Some of the world’s most important staple crops could be rendered less nutritious by rising levels of carbon dioxide in the atmosphere, scientists have said, leading to a rise in dietary deficiencies already responsible for hundreds of thousands of deaths annually.
Crops such as wheat, rice and soybeans were all found to have decreased concentrations of iron and zinc when exposed to the higher levels of CO2. Experts said that the effect, which has been observed before but never conclusively proven in the field, represents “a significant threat to human nutrition”.
Scientists have already warned over the impact that rising CO2 levels and global warming could have on crop yields, and the latest findings will only increase fears over global food security.
Worldwide, two to three billion people depend on wheat and rice for most of their iron and zinc intake.
Zinc deficiency is already linked to around 800,000 deaths among under-fives, in whom it can seriously exacerbate such conditions as diarrhoea, pneumonia and malaria, while iron deficiency is the main cause of anaemia, a condition that contributes to around one in every five maternal deaths around the world.

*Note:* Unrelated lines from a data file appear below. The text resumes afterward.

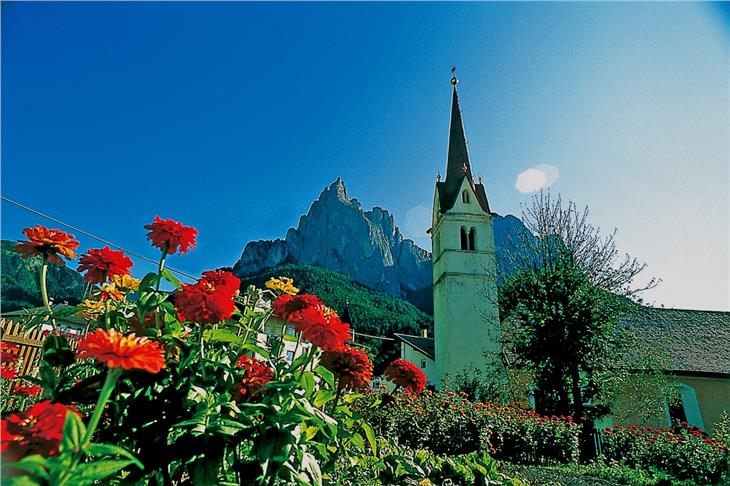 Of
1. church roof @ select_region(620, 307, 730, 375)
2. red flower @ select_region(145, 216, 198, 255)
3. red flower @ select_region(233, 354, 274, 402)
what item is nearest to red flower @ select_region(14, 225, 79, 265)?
red flower @ select_region(145, 216, 198, 255)

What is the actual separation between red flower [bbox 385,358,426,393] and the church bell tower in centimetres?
1783

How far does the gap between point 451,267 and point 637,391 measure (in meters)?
11.7

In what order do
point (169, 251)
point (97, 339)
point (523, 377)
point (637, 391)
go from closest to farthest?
point (97, 339), point (169, 251), point (637, 391), point (523, 377)

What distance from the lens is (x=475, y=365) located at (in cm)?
2148

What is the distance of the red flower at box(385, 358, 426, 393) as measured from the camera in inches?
130

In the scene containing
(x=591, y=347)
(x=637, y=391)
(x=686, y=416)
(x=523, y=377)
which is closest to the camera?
(x=591, y=347)

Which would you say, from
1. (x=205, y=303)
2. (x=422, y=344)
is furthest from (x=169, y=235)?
(x=422, y=344)

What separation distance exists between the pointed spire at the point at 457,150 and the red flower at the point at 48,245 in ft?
84.3

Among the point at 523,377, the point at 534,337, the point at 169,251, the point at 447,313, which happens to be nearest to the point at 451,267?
the point at 447,313

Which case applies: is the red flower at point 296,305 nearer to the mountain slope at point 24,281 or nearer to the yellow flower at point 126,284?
the yellow flower at point 126,284

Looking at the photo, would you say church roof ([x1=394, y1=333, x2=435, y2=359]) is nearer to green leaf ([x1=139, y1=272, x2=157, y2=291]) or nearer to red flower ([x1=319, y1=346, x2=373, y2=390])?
red flower ([x1=319, y1=346, x2=373, y2=390])

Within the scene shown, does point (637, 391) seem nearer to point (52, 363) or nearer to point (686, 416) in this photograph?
point (686, 416)

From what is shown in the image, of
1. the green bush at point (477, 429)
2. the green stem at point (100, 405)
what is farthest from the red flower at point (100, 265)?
the green bush at point (477, 429)

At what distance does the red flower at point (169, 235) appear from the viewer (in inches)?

In the first study to find conclusive evidence of the effect of elevated CO2 levels on crop nutrients, scientists from Harvard University exposed 41 different varieties of crop to the kind of CO2 levels anticipated to exist by 2050, given current rates of emission.
“Humanity is conducting a global experiment by rapidly altering the environmental conditions on the only habitable planet we know,” said Dr Samuel Myers, a research scientist at the Harvard School of Public Health and the new study’s lead author.
“As this experiment unfolds there will undoubtedly be many surprises. Finding out that rising CO2 threatens human nutrition is one such surprise.”
In wheat grains, zinc concentrations were reduced by an average of 9.3 per cent across the seven different crop sites used in the study, which was carried out in locations in the USA, Japan and Australia. Iron concentrations were down by 5.1 per cent. Reductions in protein levels were also observed in wheat and rice grains.
The study will be published in the journal Nature tomorrow.
Dr Myers said that the mechanism behind CO2’s impact on nutrient concentrations in plants was not yet known.
There are several possible means of reducing the impact of the newly-observed phenomenon besides cutting CO2 emissions, Dr Myers said, including the development new strains of crop that are less sensitive to CO2 increases, or breeding strains which are high in zinc and iron.